O fluxo de entradas menos saídas de dólares decorrentes de operações na Bolsa de Valores de São Paulo (Bovespa) foi de US$ 844 milhões em março, primeiro saldo positivo desde maio de 2008. Nos últimos nove meses, entre junho e fevereiro, a bolsa brasileira havia perdido mais de US$ 17 bilhões de investidores estrangeiros.

Os títulos de renda fixa brasileiros, com taxa de juros mais alta do que no resto do mundo, também passaram a ser fator de atração de capitais especulativos. Entre papéis de curto e longo prazos negociados no País, o ganho líquido chegou a US$ 708 milhões em março.

"É possível começar a observar o ingresso de dólares para outros ativos", disse o chefe do Departamento Econômico do BC (Depec), Altamir Lopes, referindo-se aos investimentos em ações e títulos, compensando o menor ingresso de IED.

No acumulado do ano, entretanto, o fluxo de dólares aplicados nesse tipo de papéis continua negativo em US$ 3,5 bilhões, enquanto o IED somou US$ 5,3 bilhões, 39% a menos do que os US$ 8,8 bilhões dos três primeiros meses de 2008.

CONTAS EXTERNAS

O chamado balanço de pagamentos (fluxo total de dólares) encontra-se relativamente estabilizado, já que o déficit em transações correntes, que precisa ser financiado pela conta de capitais, também começou a cair por causa da crise - de US$ 28,16 bilhões no fim de 2008 para US$ 22,9 bilhões em março.

O déficit em transações correntes reflete dois tipos de contas: a comercial, dada pela diferença entre exportações e importações, e a de renda e serviços, explicada principalmente pelos pagamentos de juros sobre a dívida externa e pelas remessas de lucros e dividendos.

O déficit em transações está caindo por dois fatores principais: a redução das importações e a redução das remessas de lucros. No ano passado, no início da crise, as empresas estrangeiras localizadas no Brasil retiraram bilhões de dólares para socorrer suas matrizes, aproveitando o câmbio valorizado e os lucros em alta.

Agora que o real se desvalorizou e os lucros caíram, o volume de divisas enviado das filiais para as matrizes caiu pela metade. No ano passado, as remessas haviam somado US$ 8,7 bilhões no primeiro trimestre; em 2009, foram US$ 3,9 bilhões até agora.

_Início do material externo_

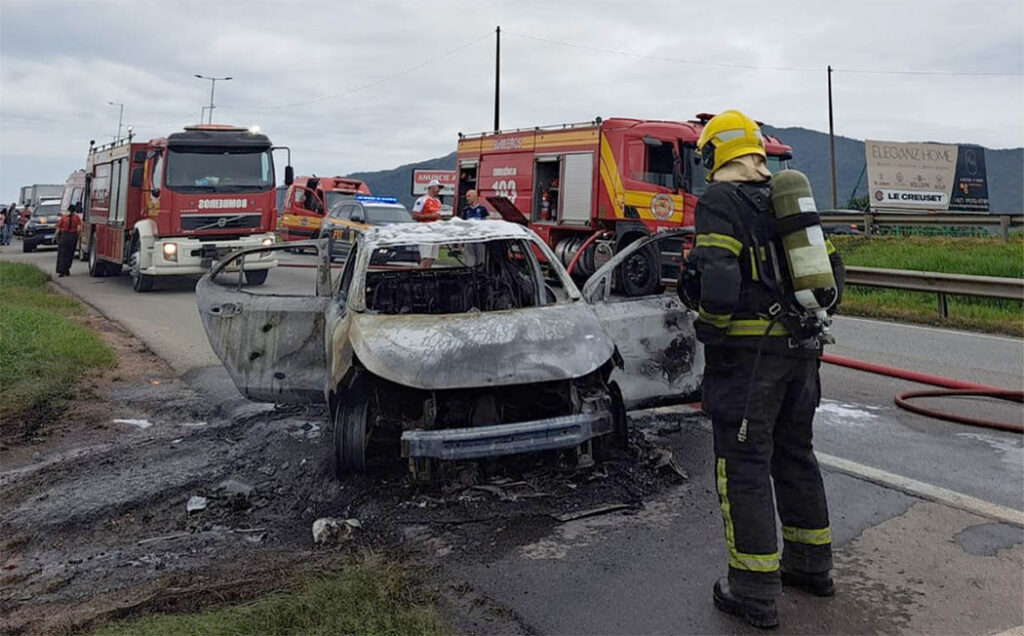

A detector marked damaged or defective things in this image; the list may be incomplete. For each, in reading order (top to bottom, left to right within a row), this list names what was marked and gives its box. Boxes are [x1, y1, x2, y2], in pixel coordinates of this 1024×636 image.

burned car [196, 219, 700, 476]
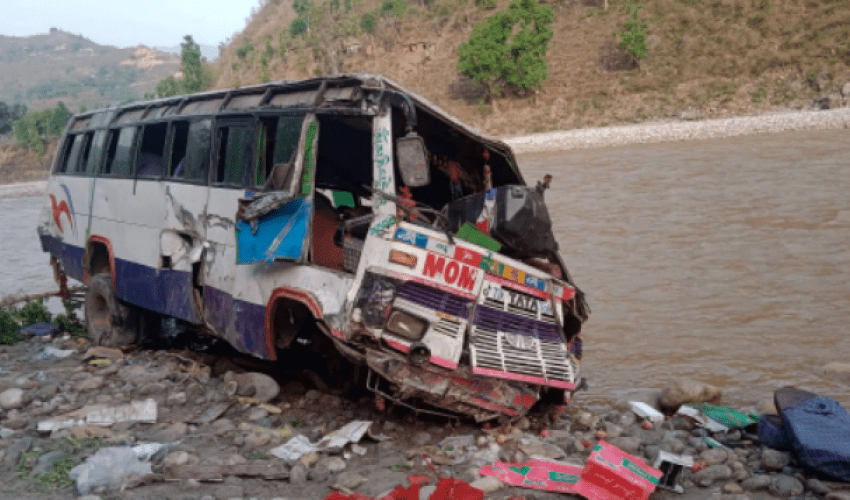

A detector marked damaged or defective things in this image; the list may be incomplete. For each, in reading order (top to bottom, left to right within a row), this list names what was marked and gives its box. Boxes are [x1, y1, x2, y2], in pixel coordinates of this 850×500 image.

severely damaged bus [36, 73, 588, 418]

O valor das remessas só não foi menor porque, em março, uma grande seguradora estrangeira (AIG) remeteu cerca de US$ 600 milhões ao exterior. Mas esse valor (e um pouco mais, em torno de US$ 850 milhões) retornou ao País sob a forma de investimento estrangeiro nessa mesma empresa. Ou seja, se não fosse essa "operação casada", o IED e as remessas seriam menores ainda. Do ponto de vista da sustentabilidade das contas externas, esse tipo de movimento é neutro, pois um menor investimento é a contrapartida de um menor déficit em transações correntes.